Search the listing below for the line containing "Now test the". From there through the line containing "Hi guys and", transcribe every line exactly, both ends included.

# Information shown:
-=-=-=-=-

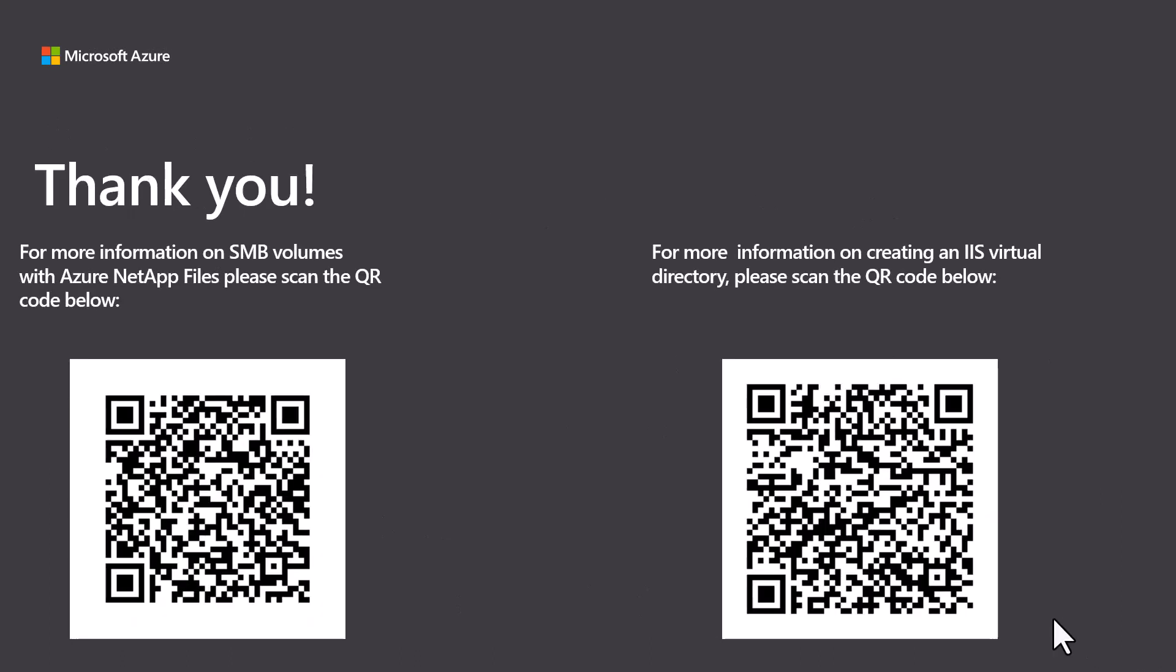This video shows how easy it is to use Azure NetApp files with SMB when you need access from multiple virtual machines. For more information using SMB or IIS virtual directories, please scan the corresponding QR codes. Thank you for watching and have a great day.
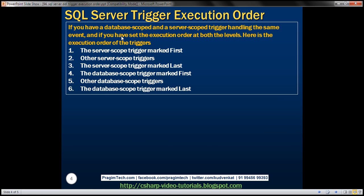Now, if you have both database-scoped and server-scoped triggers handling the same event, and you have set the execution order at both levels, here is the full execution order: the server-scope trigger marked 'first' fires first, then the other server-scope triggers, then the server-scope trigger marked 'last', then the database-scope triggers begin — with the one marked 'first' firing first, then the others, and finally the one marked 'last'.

-=-=-=-=-

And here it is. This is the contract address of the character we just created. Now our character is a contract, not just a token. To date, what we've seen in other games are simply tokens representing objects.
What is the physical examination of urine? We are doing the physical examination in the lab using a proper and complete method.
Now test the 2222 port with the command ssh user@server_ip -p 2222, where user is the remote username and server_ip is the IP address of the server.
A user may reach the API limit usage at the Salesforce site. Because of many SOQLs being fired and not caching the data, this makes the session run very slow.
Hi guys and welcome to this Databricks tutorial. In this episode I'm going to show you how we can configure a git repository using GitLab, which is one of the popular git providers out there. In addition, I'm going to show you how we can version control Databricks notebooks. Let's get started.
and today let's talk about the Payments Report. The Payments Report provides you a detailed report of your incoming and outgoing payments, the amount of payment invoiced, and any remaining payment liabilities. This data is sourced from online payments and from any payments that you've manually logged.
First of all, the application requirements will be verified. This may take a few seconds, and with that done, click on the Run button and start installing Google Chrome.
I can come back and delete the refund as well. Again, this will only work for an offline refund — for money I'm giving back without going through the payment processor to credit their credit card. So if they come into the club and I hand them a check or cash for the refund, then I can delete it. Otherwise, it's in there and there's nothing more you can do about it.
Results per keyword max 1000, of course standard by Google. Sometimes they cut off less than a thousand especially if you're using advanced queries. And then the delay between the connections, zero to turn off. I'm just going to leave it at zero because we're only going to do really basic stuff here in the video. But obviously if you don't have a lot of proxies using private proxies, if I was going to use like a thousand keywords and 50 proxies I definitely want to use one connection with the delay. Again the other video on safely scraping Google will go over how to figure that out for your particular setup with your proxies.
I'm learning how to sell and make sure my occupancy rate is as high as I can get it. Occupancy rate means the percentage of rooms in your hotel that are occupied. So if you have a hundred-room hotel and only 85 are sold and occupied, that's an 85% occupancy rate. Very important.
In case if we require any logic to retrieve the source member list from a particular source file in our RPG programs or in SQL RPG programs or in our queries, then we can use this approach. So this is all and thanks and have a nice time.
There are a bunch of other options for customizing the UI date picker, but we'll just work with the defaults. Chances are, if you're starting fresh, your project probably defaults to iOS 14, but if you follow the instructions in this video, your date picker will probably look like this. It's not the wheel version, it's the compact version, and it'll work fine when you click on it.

-=-=-=-=-

# Answer section:
Now test the 2222 port with the command ssh user@server_ip -p 2222, where user is the remote username and server_ip is the IP address of the server.
A user may reach the API limit usage at the Salesforce site. Because of many SOQLs being fired and not caching the data, this makes the session run very slow.
Hi guys and welcome to this Databricks tutorial. In this episode I'm going to show you how we can configure a git repository using GitLab, which is one of the popular git providers out there. In addition, I'm going to show you how we can version control Databricks notebooks. Let's get started.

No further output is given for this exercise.